▶ _TASK TO CARRY OUT_
Once the images are removed, repeat all of the entries exactly.

▶ _INPUT DATA_
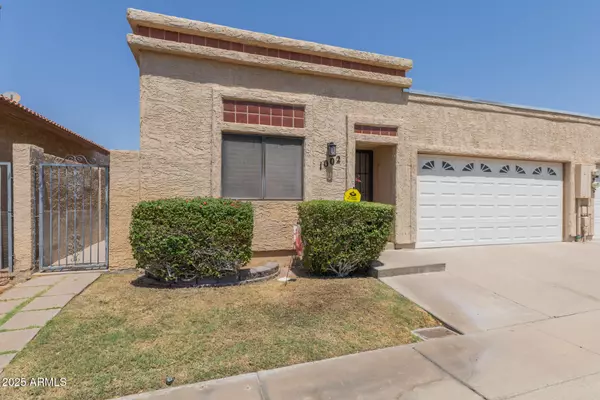 Phoenix, AZ 85022,1002 E CHARLESTON Avenue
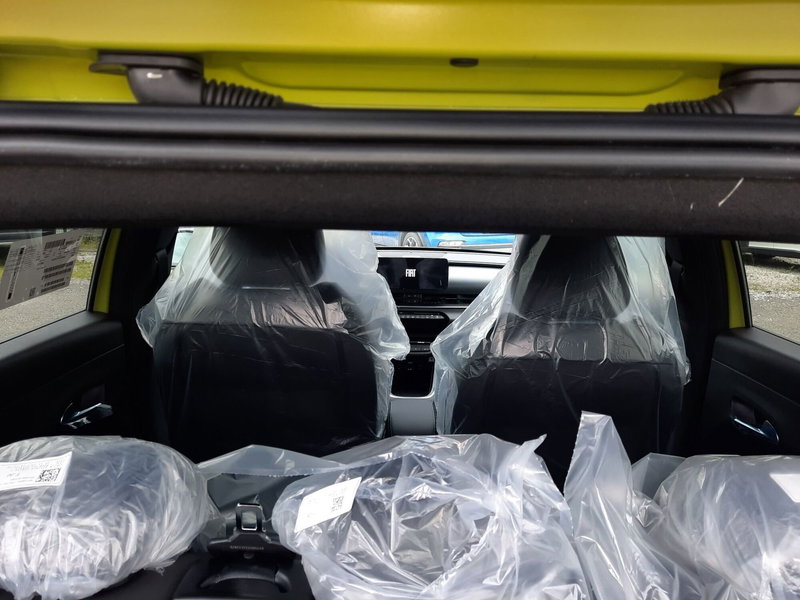 Fiat 600 nuova a La Spezia (7)
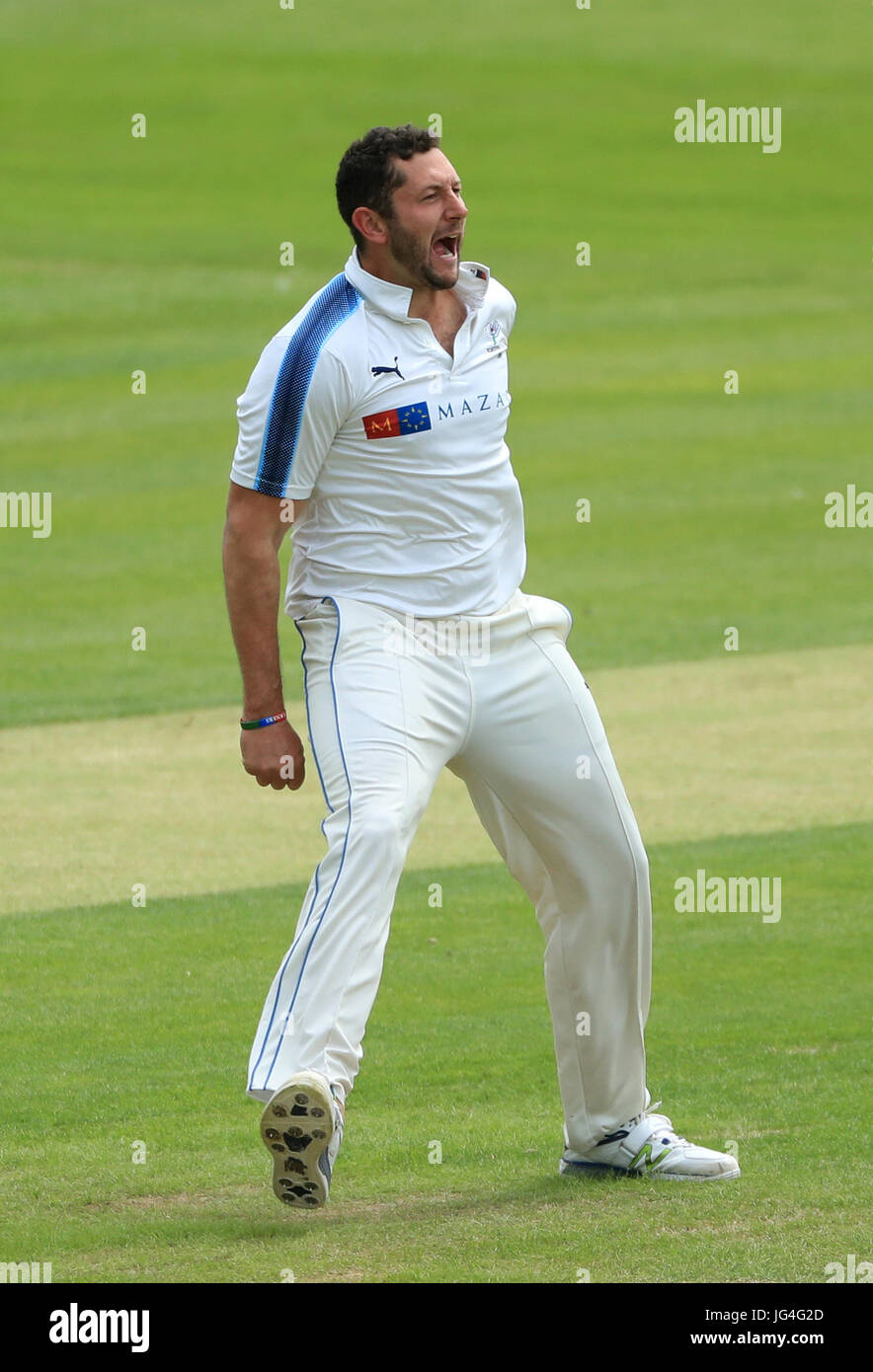 Yorkshire's Tim Bresnan célèbre le guichet de Marcus Trescothick du Somerset au cours du championnat Division Specsavers County, un match à la route maritime du Nord, Scarborough au sol. Banque D'Images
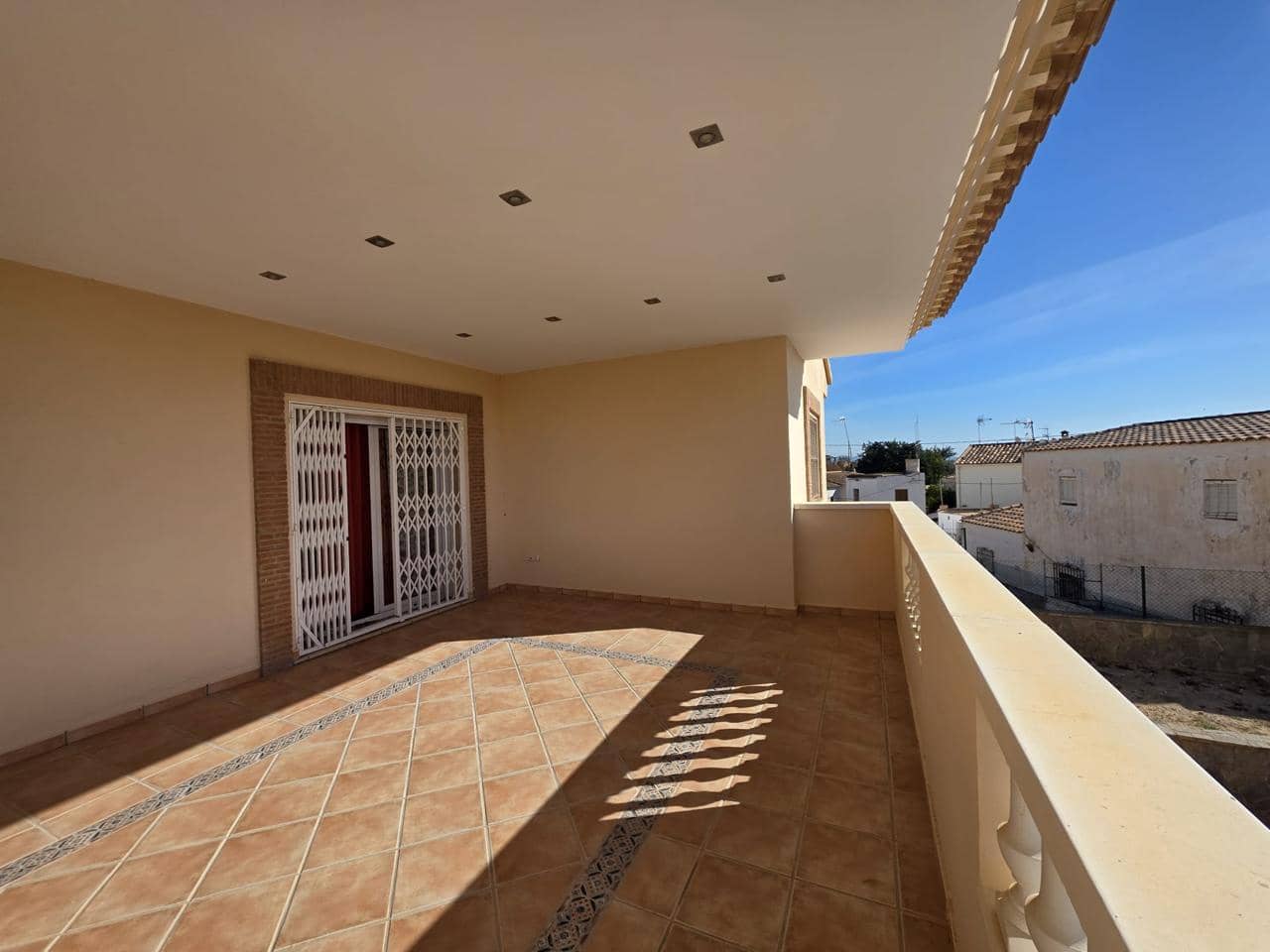 4 chambre Villa/Maison à vendre à Aljariz avec garage - 340 000 € (Ref: 9879685)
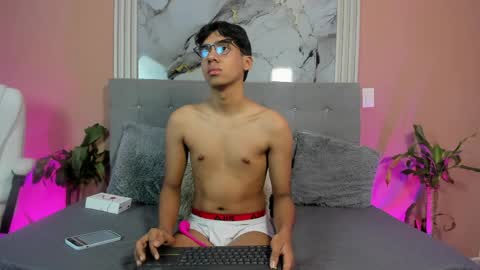 Eros Lux1 online show from 4, 4, 2026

▶ _ANSWER TO THIS PROBLEM_
 Phoenix, AZ 85022,1002 E CHARLESTON Avenue
 Fiat 600 nuova a La Spezia (7)
 Yorkshire's Tim Bresnan célèbre le guichet de Marcus Trescothick du Somerset au cours du championnat Division Specsavers County, un match à la route maritime du Nord, Scarborough au sol. Banque D'Images
 4 chambre Villa/Maison à vendre à Aljariz avec garage - 340 000 € (Ref: 9879685)
 Eros Lux1 online show from 4, 4, 2026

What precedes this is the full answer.